◆ Dataset records:
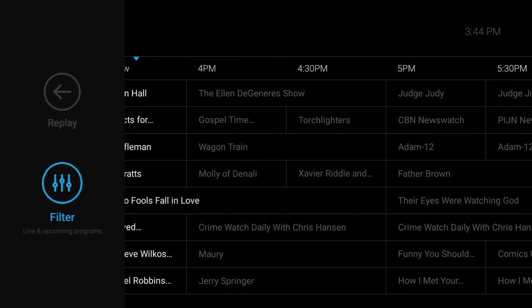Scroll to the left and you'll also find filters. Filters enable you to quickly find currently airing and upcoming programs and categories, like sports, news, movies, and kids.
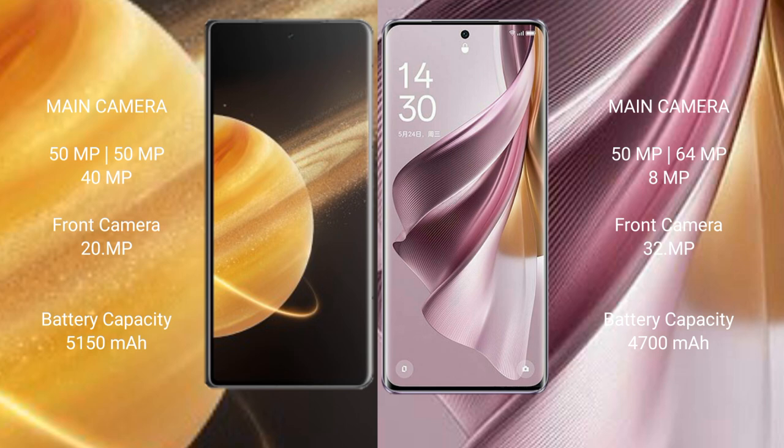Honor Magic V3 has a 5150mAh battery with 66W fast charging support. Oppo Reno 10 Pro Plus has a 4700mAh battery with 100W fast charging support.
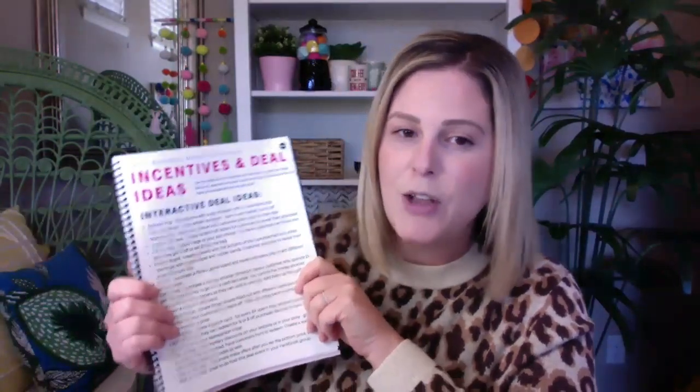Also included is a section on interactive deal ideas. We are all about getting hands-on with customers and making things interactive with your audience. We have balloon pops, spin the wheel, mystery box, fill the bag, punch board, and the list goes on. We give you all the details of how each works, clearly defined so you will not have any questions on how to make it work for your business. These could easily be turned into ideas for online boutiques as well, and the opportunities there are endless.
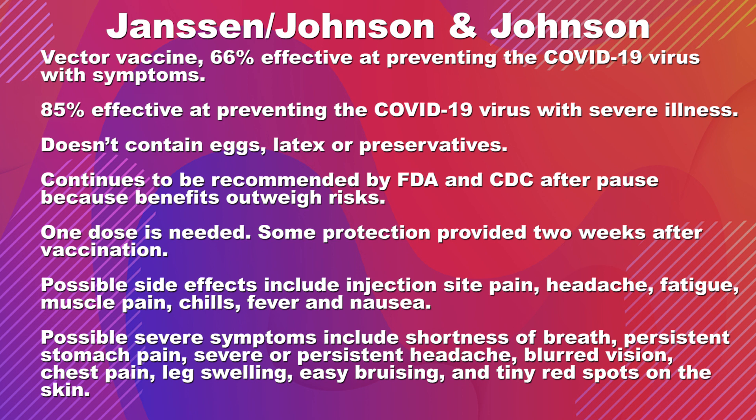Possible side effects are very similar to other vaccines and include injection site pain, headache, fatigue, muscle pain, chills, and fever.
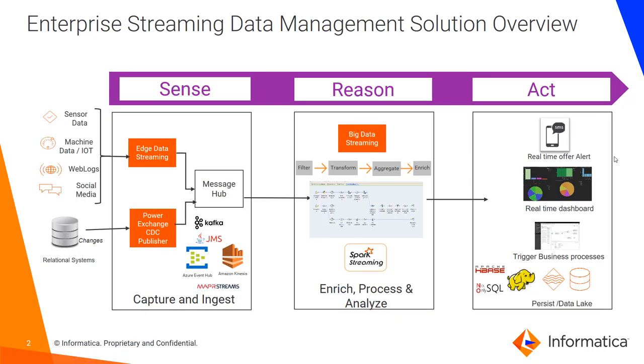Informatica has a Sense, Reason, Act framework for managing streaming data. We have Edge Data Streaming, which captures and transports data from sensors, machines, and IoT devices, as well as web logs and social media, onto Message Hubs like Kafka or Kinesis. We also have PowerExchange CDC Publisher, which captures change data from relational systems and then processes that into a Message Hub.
==
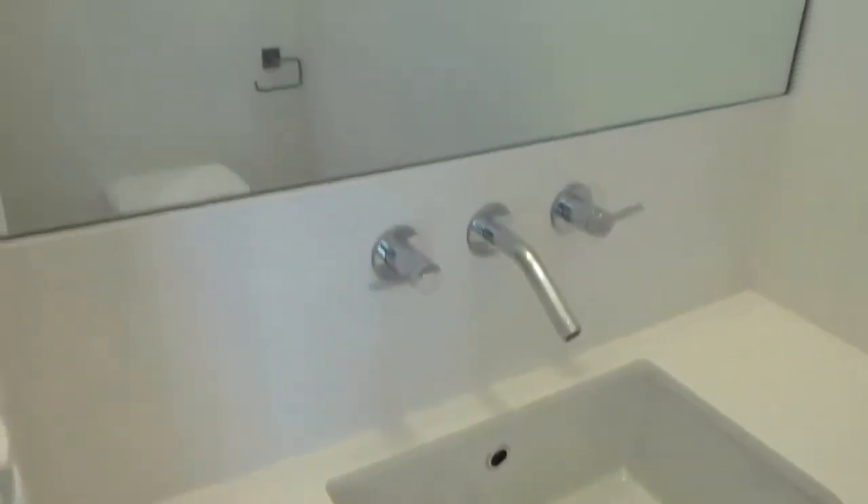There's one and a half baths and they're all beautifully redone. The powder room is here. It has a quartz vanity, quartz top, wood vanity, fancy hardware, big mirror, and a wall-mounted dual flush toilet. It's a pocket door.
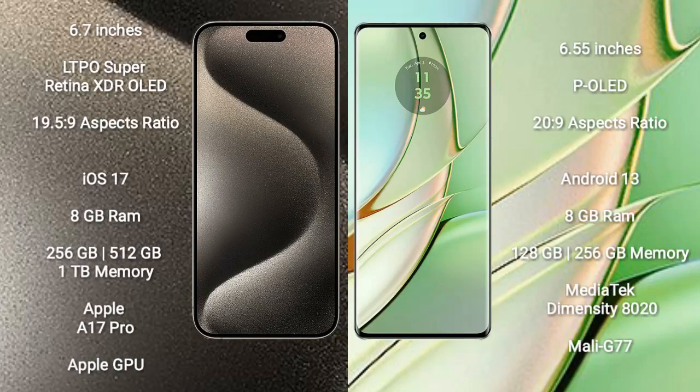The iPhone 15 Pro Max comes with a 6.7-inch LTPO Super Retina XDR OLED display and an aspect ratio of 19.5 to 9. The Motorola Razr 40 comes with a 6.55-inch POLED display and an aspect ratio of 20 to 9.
---
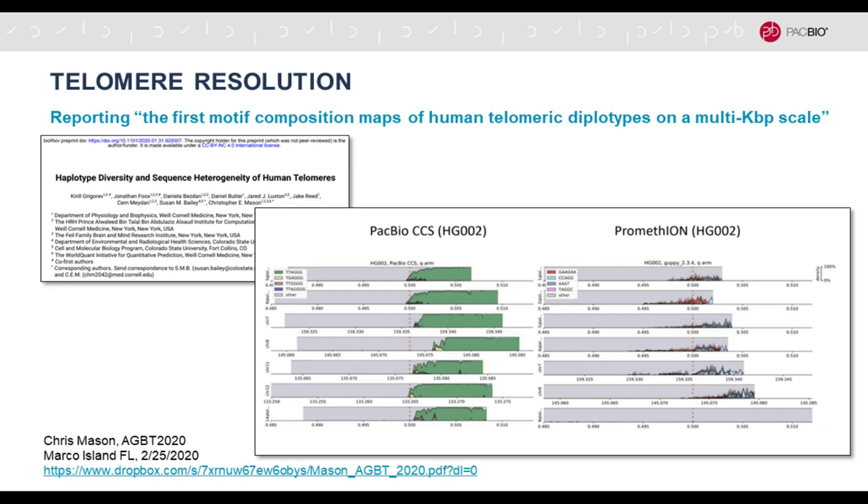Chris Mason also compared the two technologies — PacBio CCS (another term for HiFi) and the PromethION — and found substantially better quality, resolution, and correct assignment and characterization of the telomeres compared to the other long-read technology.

◆ Task objective: Please return the data above exactly as it stands from the line with "Scroll to the" to the line with "Possible side effects", keeping both of those lines but none of the pictures.

◆ Answer box:
Scroll to the left and you'll also find filters. Filters enable you to quickly find currently airing and upcoming programs and categories, like sports, news, movies, and kids.
Honor Magic V3 has a 5150mAh battery with 66W fast charging support. Oppo Reno 10 Pro Plus has a 4700mAh battery with 100W fast charging support.
Also included is a section on interactive deal ideas. We are all about getting hands-on with customers and making things interactive with your audience. We have balloon pops, spin the wheel, mystery box, fill the bag, punch board, and the list goes on. We give you all the details of how each works, clearly defined so you will not have any questions on how to make it work for your business. These could easily be turned into ideas for online boutiques as well, and the opportunities there are endless.
Possible side effects are very similar to other vaccines and include injection site pain, headache, fatigue, muscle pain, chills, and fever.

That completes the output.